Required action:
Please copy all of the entries exactly, but drop every picture.

Study material:
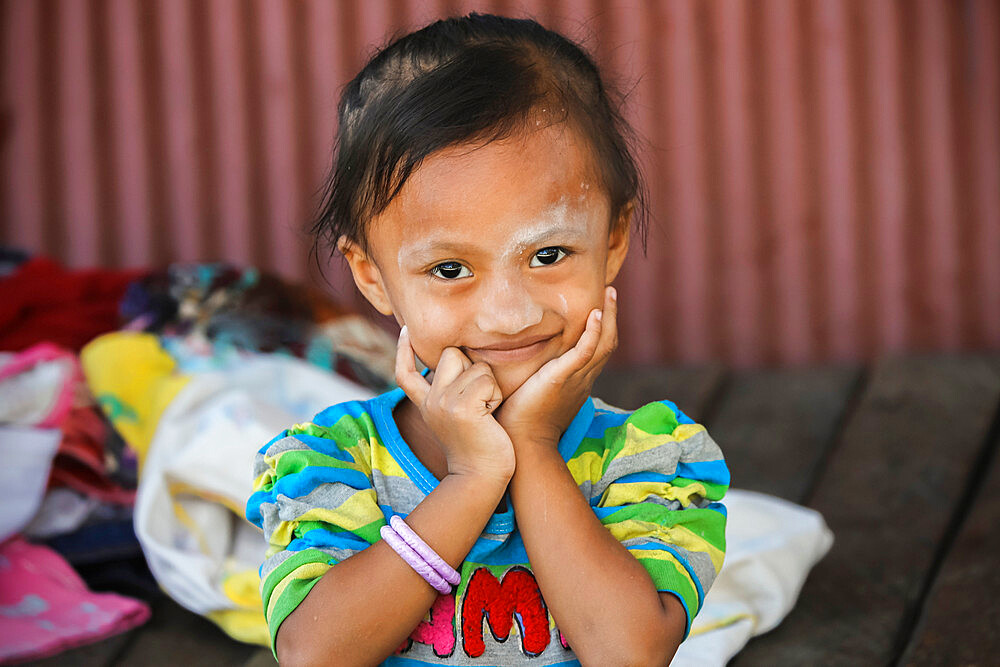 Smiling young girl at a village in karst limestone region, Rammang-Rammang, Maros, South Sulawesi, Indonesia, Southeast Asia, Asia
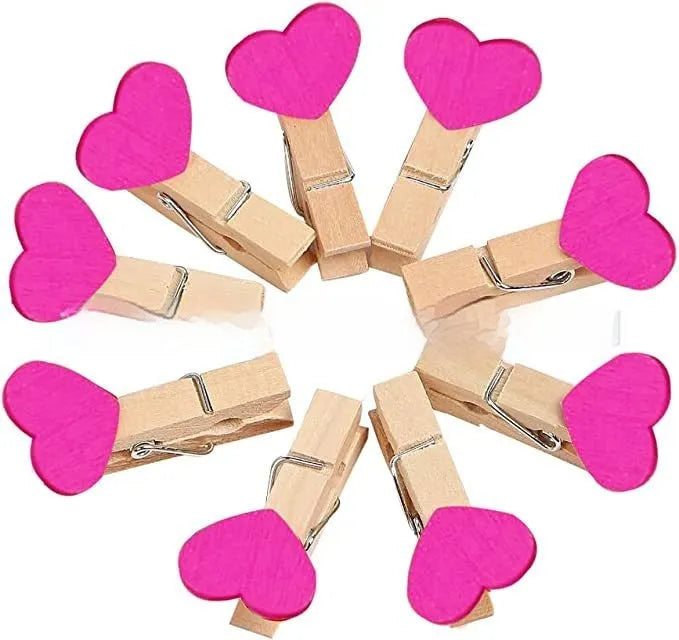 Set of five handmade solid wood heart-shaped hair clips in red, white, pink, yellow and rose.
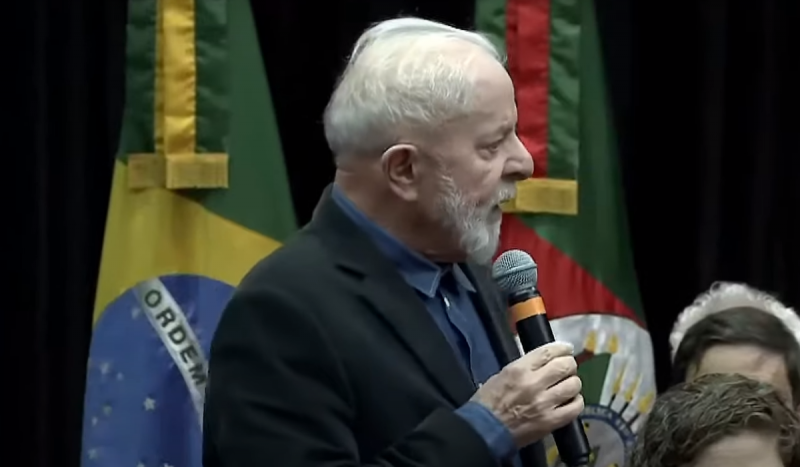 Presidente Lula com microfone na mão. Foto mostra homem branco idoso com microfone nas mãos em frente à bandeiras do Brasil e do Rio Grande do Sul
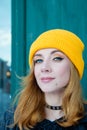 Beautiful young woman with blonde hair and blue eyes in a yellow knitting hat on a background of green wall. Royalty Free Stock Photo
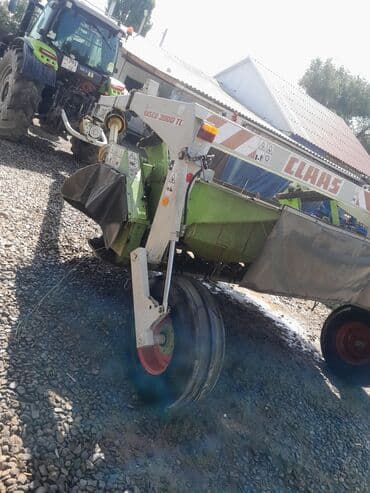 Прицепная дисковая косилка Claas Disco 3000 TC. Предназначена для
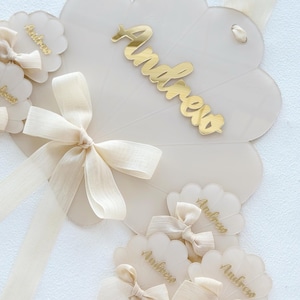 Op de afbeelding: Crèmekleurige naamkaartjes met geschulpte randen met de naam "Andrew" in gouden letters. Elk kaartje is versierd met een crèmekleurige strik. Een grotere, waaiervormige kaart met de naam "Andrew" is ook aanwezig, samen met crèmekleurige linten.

Your solution:
 Smiling young girl at a village in karst limestone region, Rammang-Rammang, Maros, South Sulawesi, Indonesia, Southeast Asia, Asia
 Set of five handmade solid wood heart-shaped hair clips in red, white, pink, yellow and rose.
 Presidente Lula com microfone na mão. Foto mostra homem branco idoso com microfone nas mãos em frente à bandeiras do Brasil e do Rio Grande do Sul
 Beautiful young woman with blonde hair and blue eyes in a yellow knitting hat on a background of green wall. Royalty Free Stock Photo
 Прицепная дисковая косилка Claas Disco 3000 TC. Предназначена для
 Op de afbeelding: Crèmekleurige naamkaartjes met geschulpte randen met de naam "Andrew" in gouden letters. Elk kaartje is versierd met een crèmekleurige strik. Een grotere, waaiervormige kaart met de naam "Andrew" is ook aanwezig, samen met crèmekleurige linten.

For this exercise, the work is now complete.